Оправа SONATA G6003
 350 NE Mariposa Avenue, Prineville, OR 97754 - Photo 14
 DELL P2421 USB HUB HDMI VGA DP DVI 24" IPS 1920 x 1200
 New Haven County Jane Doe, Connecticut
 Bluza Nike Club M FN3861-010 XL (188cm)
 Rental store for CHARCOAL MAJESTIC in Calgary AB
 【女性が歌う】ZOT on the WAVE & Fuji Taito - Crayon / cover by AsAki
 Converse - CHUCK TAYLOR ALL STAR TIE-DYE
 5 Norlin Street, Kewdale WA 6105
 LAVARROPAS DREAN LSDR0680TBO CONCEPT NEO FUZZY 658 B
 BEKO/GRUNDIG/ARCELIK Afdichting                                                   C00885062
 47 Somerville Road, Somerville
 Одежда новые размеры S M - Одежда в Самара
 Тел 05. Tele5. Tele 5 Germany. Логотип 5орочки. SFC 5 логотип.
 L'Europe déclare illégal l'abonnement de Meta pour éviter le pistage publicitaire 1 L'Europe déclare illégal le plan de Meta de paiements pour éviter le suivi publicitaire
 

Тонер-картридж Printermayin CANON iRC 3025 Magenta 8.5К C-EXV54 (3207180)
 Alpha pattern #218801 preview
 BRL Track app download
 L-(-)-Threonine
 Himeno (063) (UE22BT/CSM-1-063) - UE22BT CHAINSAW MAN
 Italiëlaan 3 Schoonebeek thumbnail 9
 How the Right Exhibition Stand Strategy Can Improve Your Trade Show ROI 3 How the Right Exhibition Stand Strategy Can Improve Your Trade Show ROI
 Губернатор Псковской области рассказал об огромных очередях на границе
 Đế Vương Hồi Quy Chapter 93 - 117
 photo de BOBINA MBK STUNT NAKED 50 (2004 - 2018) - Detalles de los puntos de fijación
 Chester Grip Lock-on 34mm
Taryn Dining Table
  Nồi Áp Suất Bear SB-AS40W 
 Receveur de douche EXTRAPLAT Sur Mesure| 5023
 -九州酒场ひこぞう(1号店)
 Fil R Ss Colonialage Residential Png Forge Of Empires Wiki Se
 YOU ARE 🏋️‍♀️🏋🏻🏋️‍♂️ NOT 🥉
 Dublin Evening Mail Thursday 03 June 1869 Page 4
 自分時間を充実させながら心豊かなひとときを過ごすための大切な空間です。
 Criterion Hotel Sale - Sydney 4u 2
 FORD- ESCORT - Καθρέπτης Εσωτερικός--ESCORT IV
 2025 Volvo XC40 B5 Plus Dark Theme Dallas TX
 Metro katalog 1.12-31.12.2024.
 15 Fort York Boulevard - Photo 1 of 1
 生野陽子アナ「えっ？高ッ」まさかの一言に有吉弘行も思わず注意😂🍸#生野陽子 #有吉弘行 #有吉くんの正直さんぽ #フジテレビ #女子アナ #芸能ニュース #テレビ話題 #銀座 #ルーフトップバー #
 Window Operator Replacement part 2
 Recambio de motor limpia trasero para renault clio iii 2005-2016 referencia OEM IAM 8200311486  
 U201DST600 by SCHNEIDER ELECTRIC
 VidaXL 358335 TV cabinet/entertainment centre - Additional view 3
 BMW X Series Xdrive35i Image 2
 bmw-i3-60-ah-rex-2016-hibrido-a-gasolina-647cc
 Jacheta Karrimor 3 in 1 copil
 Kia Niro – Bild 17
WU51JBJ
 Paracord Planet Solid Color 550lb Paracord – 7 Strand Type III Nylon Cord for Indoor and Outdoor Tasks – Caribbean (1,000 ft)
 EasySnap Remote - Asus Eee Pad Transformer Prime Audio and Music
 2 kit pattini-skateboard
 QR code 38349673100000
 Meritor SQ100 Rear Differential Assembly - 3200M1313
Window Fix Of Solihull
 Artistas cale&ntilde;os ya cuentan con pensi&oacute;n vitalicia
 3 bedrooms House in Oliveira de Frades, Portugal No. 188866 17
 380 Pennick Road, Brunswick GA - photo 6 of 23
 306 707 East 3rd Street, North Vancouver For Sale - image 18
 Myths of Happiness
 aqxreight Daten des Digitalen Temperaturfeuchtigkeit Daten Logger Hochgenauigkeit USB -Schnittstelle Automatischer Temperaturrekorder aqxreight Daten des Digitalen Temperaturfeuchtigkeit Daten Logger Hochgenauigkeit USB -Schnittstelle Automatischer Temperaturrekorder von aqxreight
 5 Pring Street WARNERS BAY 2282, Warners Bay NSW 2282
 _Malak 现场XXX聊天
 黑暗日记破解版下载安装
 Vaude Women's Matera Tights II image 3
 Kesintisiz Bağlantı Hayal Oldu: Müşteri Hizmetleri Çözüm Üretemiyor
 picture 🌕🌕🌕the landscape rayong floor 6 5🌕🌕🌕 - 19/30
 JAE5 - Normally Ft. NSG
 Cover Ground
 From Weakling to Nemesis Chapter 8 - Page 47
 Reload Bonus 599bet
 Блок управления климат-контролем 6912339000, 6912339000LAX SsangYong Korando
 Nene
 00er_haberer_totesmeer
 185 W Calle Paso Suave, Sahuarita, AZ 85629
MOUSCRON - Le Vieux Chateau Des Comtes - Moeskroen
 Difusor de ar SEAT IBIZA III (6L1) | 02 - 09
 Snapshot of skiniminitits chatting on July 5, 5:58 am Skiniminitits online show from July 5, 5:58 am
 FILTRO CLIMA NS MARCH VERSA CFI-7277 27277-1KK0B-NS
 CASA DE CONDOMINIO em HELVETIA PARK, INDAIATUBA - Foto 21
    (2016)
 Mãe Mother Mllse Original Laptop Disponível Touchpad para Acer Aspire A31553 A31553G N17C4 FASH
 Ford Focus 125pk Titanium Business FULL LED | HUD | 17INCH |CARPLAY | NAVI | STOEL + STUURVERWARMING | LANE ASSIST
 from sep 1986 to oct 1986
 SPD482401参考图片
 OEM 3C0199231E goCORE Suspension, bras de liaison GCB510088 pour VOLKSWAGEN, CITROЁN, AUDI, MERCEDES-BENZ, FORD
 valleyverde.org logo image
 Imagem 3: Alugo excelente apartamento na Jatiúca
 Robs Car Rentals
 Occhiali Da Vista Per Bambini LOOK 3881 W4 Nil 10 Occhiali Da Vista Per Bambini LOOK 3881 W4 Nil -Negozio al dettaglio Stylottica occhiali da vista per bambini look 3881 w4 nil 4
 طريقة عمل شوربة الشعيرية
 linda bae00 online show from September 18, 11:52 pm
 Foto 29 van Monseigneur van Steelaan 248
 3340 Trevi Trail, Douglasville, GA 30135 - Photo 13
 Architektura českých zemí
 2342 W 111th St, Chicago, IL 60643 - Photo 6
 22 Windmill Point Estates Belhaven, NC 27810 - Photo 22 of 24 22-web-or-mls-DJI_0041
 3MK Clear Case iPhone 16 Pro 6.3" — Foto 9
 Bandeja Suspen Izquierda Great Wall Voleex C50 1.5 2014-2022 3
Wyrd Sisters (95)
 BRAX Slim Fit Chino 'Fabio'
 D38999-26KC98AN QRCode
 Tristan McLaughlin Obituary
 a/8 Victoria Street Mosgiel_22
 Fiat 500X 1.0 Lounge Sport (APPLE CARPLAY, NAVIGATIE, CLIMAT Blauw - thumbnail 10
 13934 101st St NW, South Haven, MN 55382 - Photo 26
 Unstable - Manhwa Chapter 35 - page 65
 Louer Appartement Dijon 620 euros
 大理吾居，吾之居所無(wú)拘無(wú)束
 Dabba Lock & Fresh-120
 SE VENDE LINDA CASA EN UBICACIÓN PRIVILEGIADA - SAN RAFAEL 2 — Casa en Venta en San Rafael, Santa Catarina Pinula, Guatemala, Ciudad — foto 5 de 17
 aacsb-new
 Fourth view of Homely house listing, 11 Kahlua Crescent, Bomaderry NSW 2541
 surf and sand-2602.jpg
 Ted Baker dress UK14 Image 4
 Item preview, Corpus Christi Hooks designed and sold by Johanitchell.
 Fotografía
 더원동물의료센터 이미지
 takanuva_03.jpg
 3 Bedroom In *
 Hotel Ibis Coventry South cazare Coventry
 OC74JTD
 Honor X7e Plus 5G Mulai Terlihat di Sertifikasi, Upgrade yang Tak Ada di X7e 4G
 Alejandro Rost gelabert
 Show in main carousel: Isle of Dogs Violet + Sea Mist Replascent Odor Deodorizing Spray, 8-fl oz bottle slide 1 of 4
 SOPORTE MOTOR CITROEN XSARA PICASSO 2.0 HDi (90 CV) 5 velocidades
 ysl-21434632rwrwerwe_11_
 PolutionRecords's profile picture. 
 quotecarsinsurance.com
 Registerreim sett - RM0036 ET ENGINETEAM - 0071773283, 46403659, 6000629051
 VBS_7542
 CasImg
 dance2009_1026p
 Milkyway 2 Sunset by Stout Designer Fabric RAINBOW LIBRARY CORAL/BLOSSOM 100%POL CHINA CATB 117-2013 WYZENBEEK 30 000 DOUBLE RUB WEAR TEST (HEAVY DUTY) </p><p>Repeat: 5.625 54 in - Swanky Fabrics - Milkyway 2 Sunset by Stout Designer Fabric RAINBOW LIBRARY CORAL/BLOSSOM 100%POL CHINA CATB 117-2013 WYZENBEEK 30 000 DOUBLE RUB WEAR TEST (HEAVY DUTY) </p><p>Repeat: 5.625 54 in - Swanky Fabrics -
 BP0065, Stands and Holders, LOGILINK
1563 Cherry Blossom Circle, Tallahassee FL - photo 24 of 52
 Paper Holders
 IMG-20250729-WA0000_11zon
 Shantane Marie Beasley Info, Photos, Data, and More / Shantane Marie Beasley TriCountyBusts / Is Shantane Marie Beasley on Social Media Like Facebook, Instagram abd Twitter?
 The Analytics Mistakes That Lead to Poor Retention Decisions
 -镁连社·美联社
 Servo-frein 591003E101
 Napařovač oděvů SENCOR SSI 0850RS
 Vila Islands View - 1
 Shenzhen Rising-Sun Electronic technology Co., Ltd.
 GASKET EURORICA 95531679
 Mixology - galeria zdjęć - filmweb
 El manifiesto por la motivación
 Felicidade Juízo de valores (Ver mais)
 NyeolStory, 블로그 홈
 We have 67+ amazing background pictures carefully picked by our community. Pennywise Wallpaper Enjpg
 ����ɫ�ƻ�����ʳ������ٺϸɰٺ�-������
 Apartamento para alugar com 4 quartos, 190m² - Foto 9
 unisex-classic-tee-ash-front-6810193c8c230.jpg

──────────────────────────────

● Your objective: Your answer must be the lines above, unchanged, from the first one through the line that holds "Trade Show ROI 3", inclusive, and no others.

● Output of the task:
Оправа SONATA G6003
 350 NE Mariposa Avenue, Prineville, OR 97754 - Photo 14
 DELL P2421 USB HUB HDMI VGA DP DVI 24" IPS 1920 x 1200
 New Haven County Jane Doe, Connecticut
 Bluza Nike Club M FN3861-010 XL (188cm)
 Rental store for CHARCOAL MAJESTIC in Calgary AB
 【女性が歌う】ZOT on the WAVE & Fuji Taito - Crayon / cover by AsAki
 Converse - CHUCK TAYLOR ALL STAR TIE-DYE
 5 Norlin Street, Kewdale WA 6105
 LAVARROPAS DREAN LSDR0680TBO CONCEPT NEO FUZZY 658 B
 BEKO/GRUNDIG/ARCELIK Afdichting                                                   C00885062
 47 Somerville Road, Somerville
 Одежда новые размеры S M - Одежда в Самара
 Тел 05. Tele5. Tele 5 Germany. Логотип 5орочки. SFC 5 логотип.
 L'Europe déclare illégal l'abonnement de Meta pour éviter le pistage publicitaire 1 L'Europe déclare illégal le plan de Meta de paiements pour éviter le suivi publicitaire
 

Тонер-картридж Printermayin CANON iRC 3025 Magenta 8.5К C-EXV54 (3207180)
 Alpha pattern #218801 preview
 BRL Track app download
 L-(-)-Threonine
 Himeno (063) (UE22BT/CSM-1-063) - UE22BT CHAINSAW MAN
 Italiëlaan 3 Schoonebeek thumbnail 9
 How the Right Exhibition Stand Strategy Can Improve Your Trade Show ROI 3 How the Right Exhibition Stand Strategy Can Improve Your Trade Show ROI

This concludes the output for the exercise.